WHAT YOU NEED TO DO - Where a picture appears, leave it out, and transcribe all the lines below exactly.

········

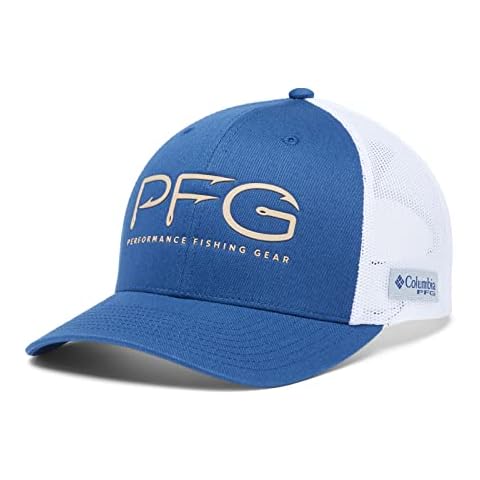 Columbia Anzuelos PFG Malla a Presión Bajo Cover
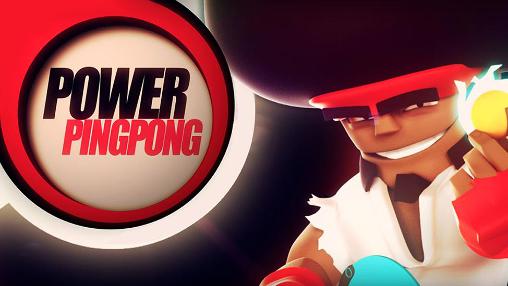 Ladda ner Power ping pong: Android Multiplayer spel till mobilen och surfplatta.
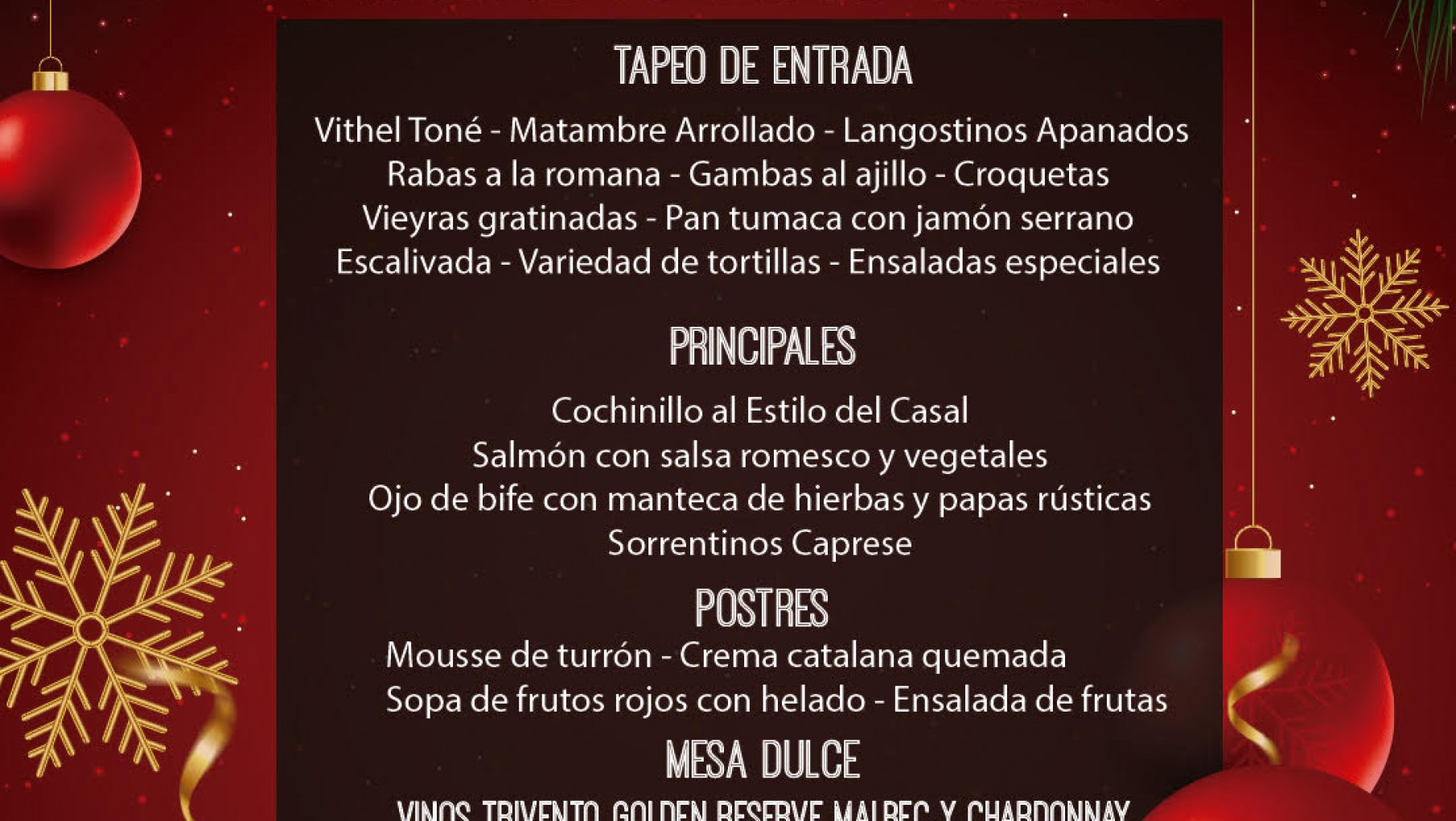 AÑO NUEVO EN EL CASAL DE CATALUÑA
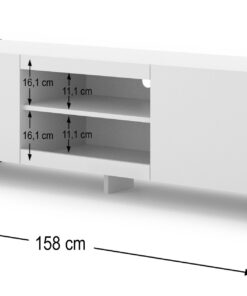 Meuble TV Mondi 158cm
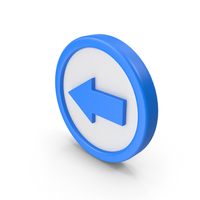 Arrow Left Icon PNG & PSD Images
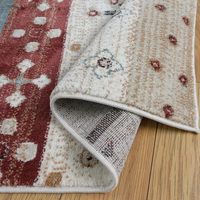 Karpet Wilton Polyester Anti-Selip Buatan Mesin Grosir, Karpet Mewah untuk Lobi Hotel, Karpet Desainer, Karpet Sajadah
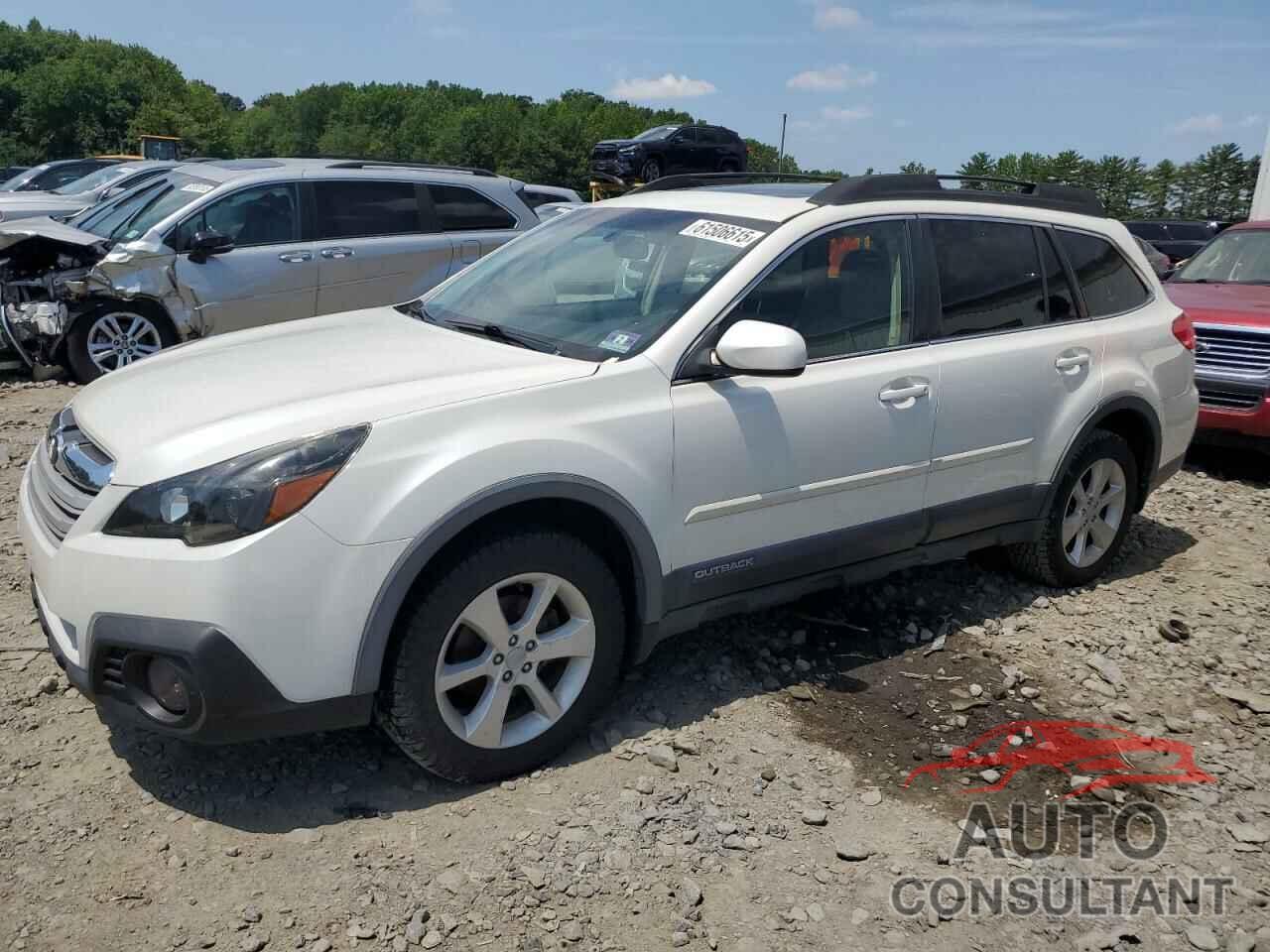 SUBARU OUTBACK 2014 - 4S4BRBDC7E3249363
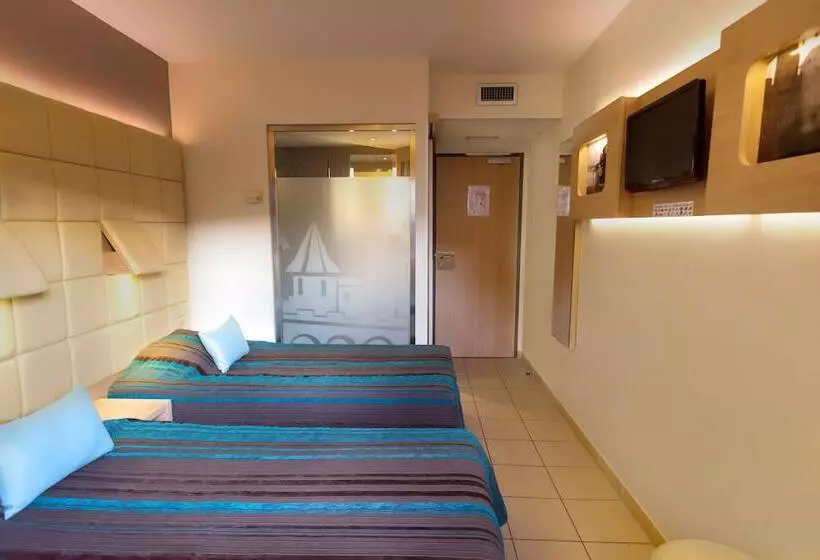 Quarto Standard Vista Cidade, Espace Cite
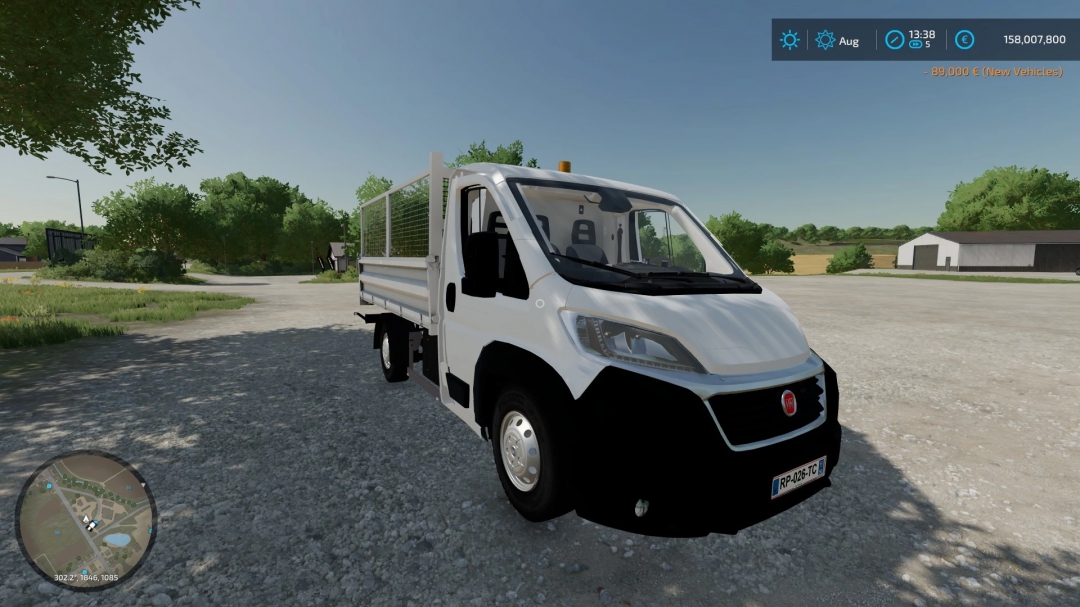 FS22 Fiat Ducato V1.0.0.0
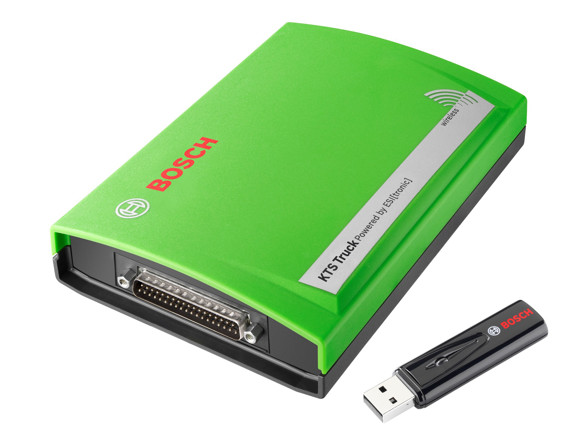 SCANNER DE DIAGNOSTICO PARA CAMIONES BOSCH KTS TRUCK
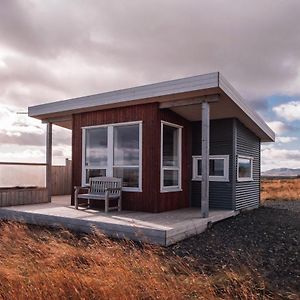 Willa Blue View Cabin 7B With Private Hot Tub Selfoss Exterior photo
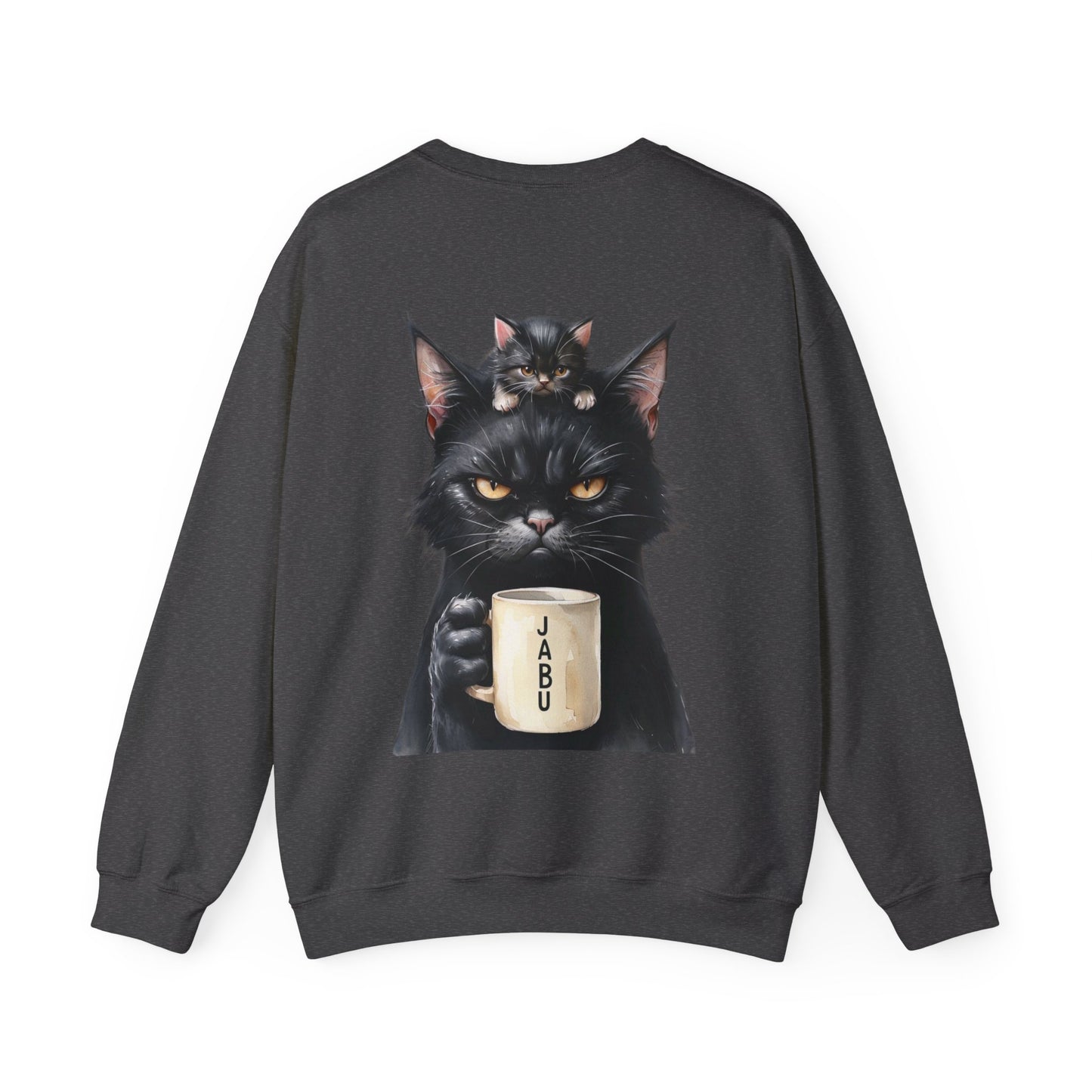 ✅  AU/NZ Funny Cat Crewneck Sweatshirt - Holidays at Home Design
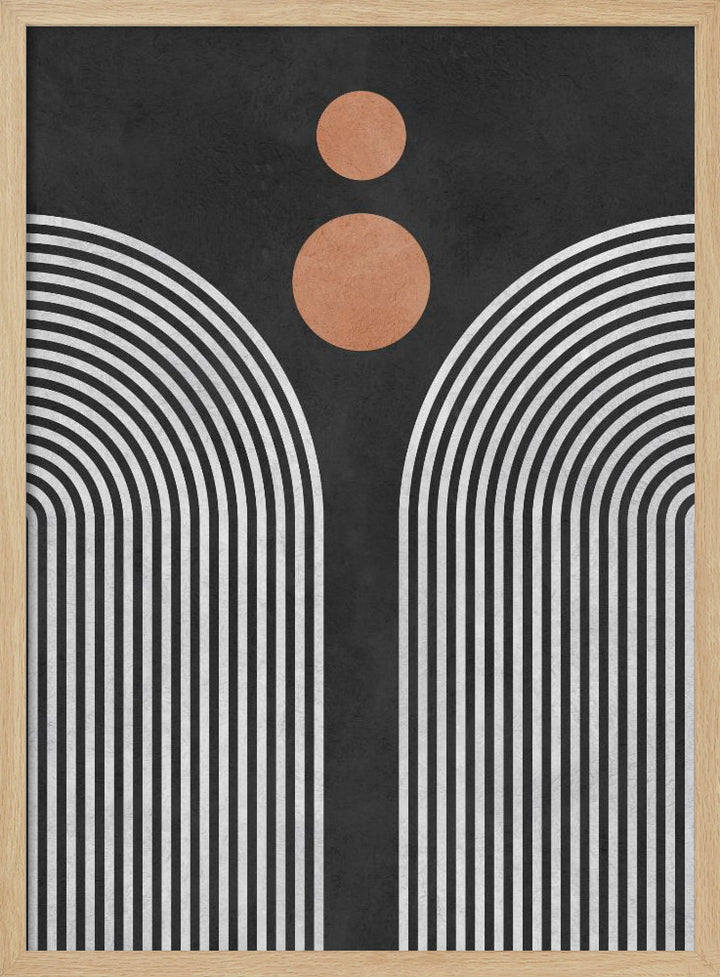 "Circles 3" Wall Art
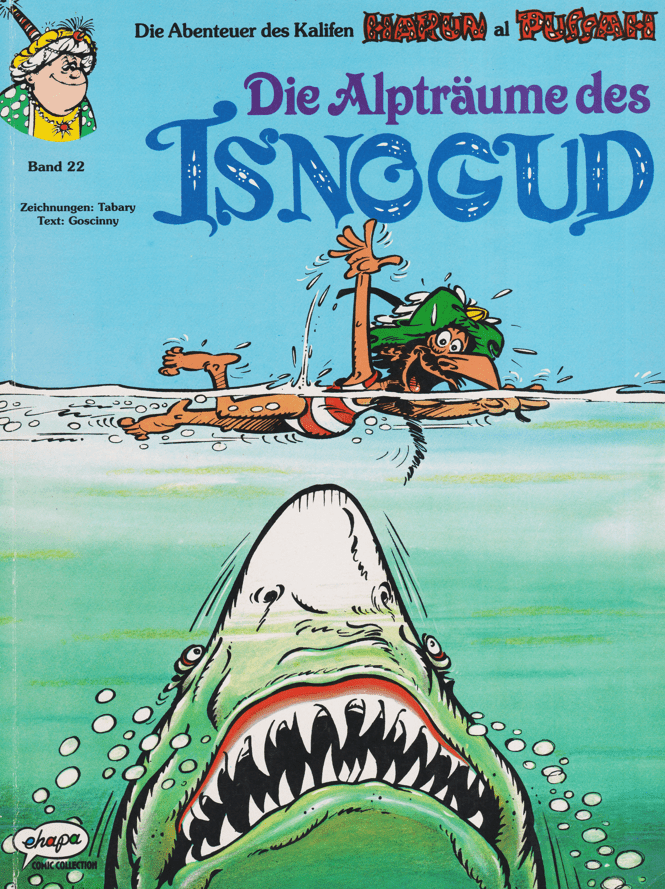 Isnogud Band 22: Die Alpträume des Isnogud (Ehapa, 1989 - 1996) - secondcomic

········

TASK SOLUTION -
 Columbia Anzuelos PFG Malla a Presión Bajo Cover
 Ladda ner Power ping pong: Android Multiplayer spel till mobilen och surfplatta.
 AÑO NUEVO EN EL CASAL DE CATALUÑA
 Meuble TV Mondi 158cm
 Arrow Left Icon PNG & PSD Images
 Karpet Wilton Polyester Anti-Selip Buatan Mesin Grosir, Karpet Mewah untuk Lobi Hotel, Karpet Desainer, Karpet Sajadah
 SUBARU OUTBACK 2014 - 4S4BRBDC7E3249363
 Quarto Standard Vista Cidade, Espace Cite
 FS22 Fiat Ducato V1.0.0.0
 SCANNER DE DIAGNOSTICO PARA CAMIONES BOSCH KTS TRUCK
 Willa Blue View Cabin 7B With Private Hot Tub Selfoss Exterior photo
 ✅  AU/NZ Funny Cat Crewneck Sweatshirt - Holidays at Home Design
 "Circles 3" Wall Art
 Isnogud Band 22: Die Alpträume des Isnogud (Ehapa, 1989 - 1996) - secondcomic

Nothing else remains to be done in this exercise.